自分はリーマンショック前のオンライントレーディングブームに乗っかり、インドネシア株や投資信託(Raksa Dana)にまとまったお金を入れましたが、メイン取引の証券会社であったSarijaya証券が倒産し、口座に預けた金額が飛んで集団訴訟団に参加したり、デイトレードでMPV車一台分くらい溶かしたり、散々な目に遭いました。

リーマンショックの影響が小さかったインドネシアでも後遺症は1年以上感じたのに今度は世界的規模。今のところ株価の下がり具合は当時の5割程度なので当時ほど阿鼻叫喚は聞こえていない。自分も証券会社倒産で口座が吹っ飛び集団訴訟の主催者に訴訟詐欺にあい個別株でInova一台分溶けた。経済回そう。
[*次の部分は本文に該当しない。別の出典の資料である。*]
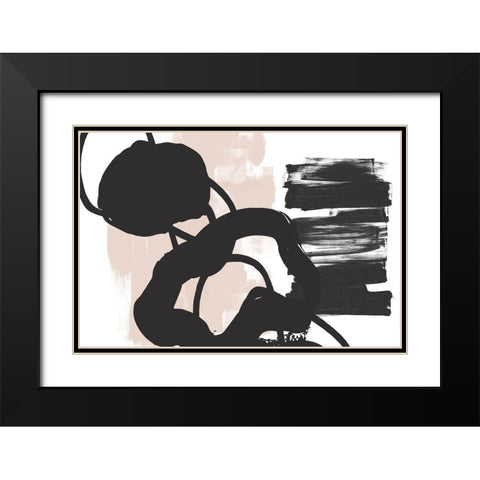 Minimalist Pink Black Palette I Black Modern Wood Framed Art Print with Double Matting by Orlov, Irena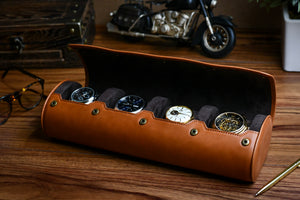 Tawny Brown Cow Leather Watch Roll - 4 orologi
ただ民主化により国内の経済活動が活発になり、個人消費者に支えられた内需主導型経済が形成されつつあったインドネシアは、リーマンショック時も4%の経済成長を維持しており、金融市場の規模の小ささが幸いして実経済に及ぼす影響は小さかったと評されることが多いようです。

その後2016年には、国内取引のルピア建ての義務、海外からの外貨借入へのデリバティブ資産によるヘッジ義務が規制化されたことにより、民間企業の海外からの外貨建て借り入れが事実上制限されています。
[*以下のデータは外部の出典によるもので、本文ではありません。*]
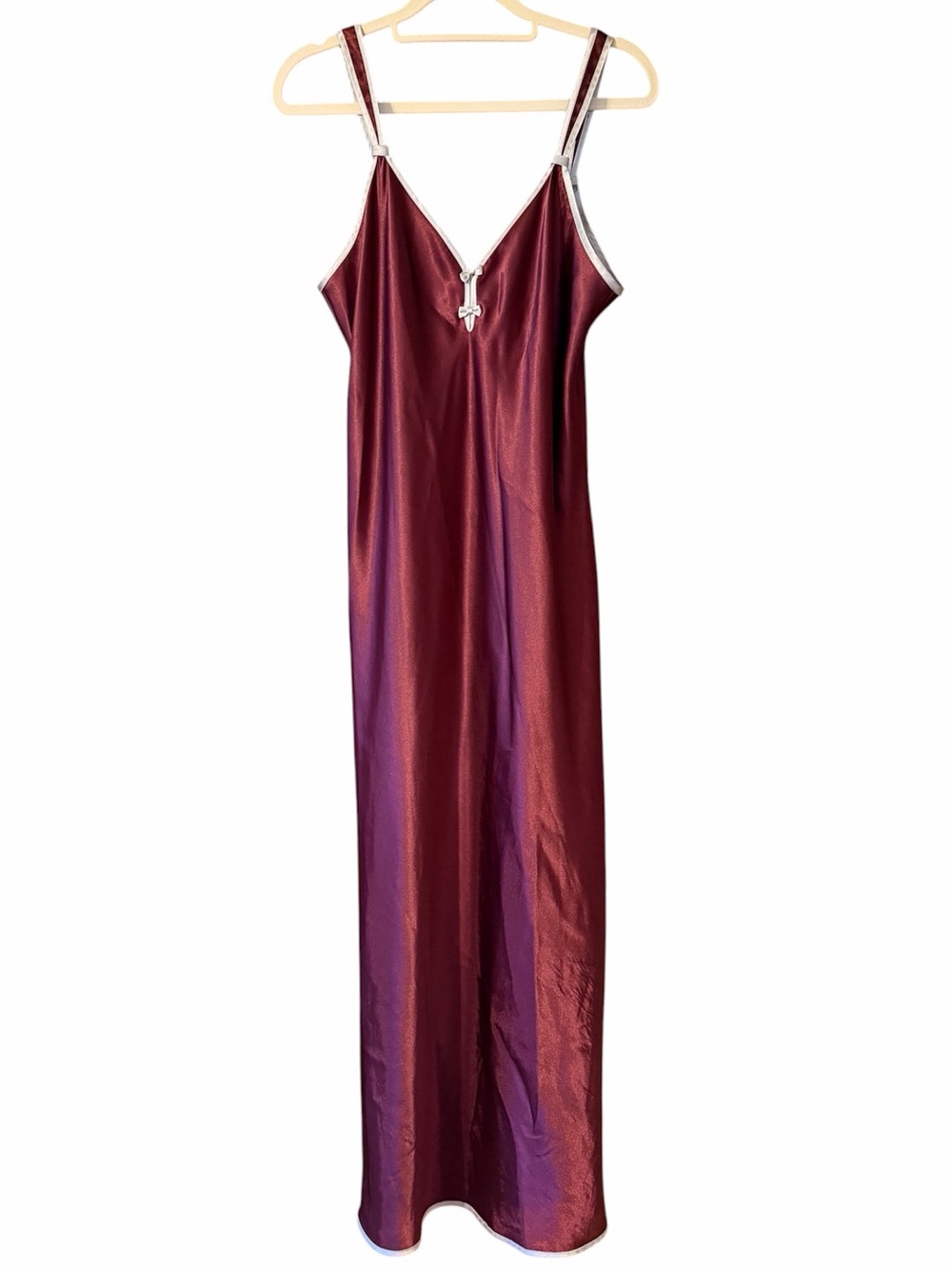 Jones New York Vintage Intimates Bow Burgundy Satin Maxi Nightgown Dress Large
インドネシアは民主化後の技術集約型経済(Technology Intensive Economy)へのシフトがうまくいかず、インドネシアの工業化は停滞し、スハルト独裁政権時代に20%を占めていた製造業GDP寄与率は16%にまで落ち込んでおり、国内で付加価値産業が育たず輸出競争力は極めて低いのが現状です。

コロナショックに向けて 2020年~(疫病的要因)

今回の新型コロナウィルスの蔓延に伴い起こりうる経済不況は、ファンダメンタルズ(経済の基礎的条件)に問題があったわけでなく、突然降って湧いた疫病という突発的事象に起因するものであるため、大震災のような自然災害に近いと思います。

インドネシア政府は既に4月~9月までの半年間は個人所得税PPH21の免除や、製造業で働く年間所得が200jutaまでの労働者の所得税を100%免除措置、さらに零細企業、中小企業、オジェック運転手、タクシー運転手、漁師(Usaha mikro, Usaha Kecil, Tukang Ojek, Sopir Taksi, dan Nelayan)のバイクや船の購入に伴う金利と分割払い(pembayaran bunga dan angsuran)の1年間の猶予など、インドネシア経済を支える個人消費を守る措置を検討中です。

その間は政府が銀行に対して金利保証するのか、その財源はどうするのか等がこれから明らかになると思いますが、とかく政治がポピュリズムに走りやすいお国柄なので、国民大半が新型コロナウィルスに対して危機感を募っている今、後発の利として他国の経済政策の成功と失敗を参考にできる立場であることは幸いだと思います。